### WORK TO COMPLETE
Only one stretch of the listing below is wanted: every line from the first to the line containing "Quality Inn Tifton Bagian luar foto", set down exactly.

### MATERIAL FOR THIS EXERCISE
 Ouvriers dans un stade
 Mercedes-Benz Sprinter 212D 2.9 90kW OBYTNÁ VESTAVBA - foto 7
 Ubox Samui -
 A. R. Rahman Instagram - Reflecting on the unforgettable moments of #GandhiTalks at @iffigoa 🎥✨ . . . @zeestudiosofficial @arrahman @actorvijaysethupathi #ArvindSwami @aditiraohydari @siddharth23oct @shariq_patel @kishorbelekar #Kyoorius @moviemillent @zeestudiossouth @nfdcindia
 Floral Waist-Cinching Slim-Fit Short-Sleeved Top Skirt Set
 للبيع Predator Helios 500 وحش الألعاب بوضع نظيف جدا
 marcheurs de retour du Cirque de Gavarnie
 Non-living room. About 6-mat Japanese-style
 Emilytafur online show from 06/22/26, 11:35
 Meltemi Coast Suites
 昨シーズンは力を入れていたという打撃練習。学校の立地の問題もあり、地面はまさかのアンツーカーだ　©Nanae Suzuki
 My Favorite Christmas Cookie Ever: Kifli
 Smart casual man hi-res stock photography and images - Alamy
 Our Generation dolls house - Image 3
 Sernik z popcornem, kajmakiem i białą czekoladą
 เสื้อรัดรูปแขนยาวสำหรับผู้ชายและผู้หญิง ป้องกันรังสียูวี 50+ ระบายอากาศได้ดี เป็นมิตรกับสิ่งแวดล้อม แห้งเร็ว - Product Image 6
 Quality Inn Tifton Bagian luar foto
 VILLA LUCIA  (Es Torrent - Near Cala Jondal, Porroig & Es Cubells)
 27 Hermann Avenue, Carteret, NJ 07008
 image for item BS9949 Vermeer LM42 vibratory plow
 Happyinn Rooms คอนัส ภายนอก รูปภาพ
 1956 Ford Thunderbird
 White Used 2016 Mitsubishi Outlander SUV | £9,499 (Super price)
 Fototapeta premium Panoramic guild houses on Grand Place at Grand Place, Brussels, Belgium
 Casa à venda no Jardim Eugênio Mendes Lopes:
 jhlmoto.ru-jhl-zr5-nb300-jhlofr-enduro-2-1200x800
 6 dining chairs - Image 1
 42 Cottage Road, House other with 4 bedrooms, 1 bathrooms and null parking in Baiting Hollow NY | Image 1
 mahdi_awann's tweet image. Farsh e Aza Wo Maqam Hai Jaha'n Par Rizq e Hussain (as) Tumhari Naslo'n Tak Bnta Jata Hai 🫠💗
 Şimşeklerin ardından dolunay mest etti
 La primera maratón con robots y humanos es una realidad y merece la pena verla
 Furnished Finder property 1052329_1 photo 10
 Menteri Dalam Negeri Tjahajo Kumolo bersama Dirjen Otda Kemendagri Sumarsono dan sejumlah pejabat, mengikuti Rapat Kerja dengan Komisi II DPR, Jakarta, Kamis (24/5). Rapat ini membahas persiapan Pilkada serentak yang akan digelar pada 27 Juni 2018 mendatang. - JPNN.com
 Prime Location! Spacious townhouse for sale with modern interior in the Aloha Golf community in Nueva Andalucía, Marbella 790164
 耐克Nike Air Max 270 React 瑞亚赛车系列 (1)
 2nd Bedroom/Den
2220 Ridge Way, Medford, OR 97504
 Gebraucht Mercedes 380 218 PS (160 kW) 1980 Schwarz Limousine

### RESPONSE BOX
 Ouvriers dans un stade
 Mercedes-Benz Sprinter 212D 2.9 90kW OBYTNÁ VESTAVBA - foto 7
 Ubox Samui -
 A. R. Rahman Instagram - Reflecting on the unforgettable moments of #GandhiTalks at @iffigoa 🎥✨ . . . @zeestudiosofficial @arrahman @actorvijaysethupathi #ArvindSwami @aditiraohydari @siddharth23oct @shariq_patel @kishorbelekar #Kyoorius @moviemillent @zeestudiossouth @nfdcindia
 Floral Waist-Cinching Slim-Fit Short-Sleeved Top Skirt Set
 للبيع Predator Helios 500 وحش الألعاب بوضع نظيف جدا
 marcheurs de retour du Cirque de Gavarnie
 Non-living room. About 6-mat Japanese-style
 Emilytafur online show from 06/22/26, 11:35
 Meltemi Coast Suites
 昨シーズンは力を入れていたという打撃練習。学校の立地の問題もあり、地面はまさかのアンツーカーだ　©Nanae Suzuki
 My Favorite Christmas Cookie Ever: Kifli
 Smart casual man hi-res stock photography and images - Alamy
 Our Generation dolls house - Image 3
 Sernik z popcornem, kajmakiem i białą czekoladą
 เสื้อรัดรูปแขนยาวสำหรับผู้ชายและผู้หญิง ป้องกันรังสียูวี 50+ ระบายอากาศได้ดี เป็นมิตรกับสิ่งแวดล้อม แห้งเร็ว - Product Image 6
 Quality Inn Tifton Bagian luar foto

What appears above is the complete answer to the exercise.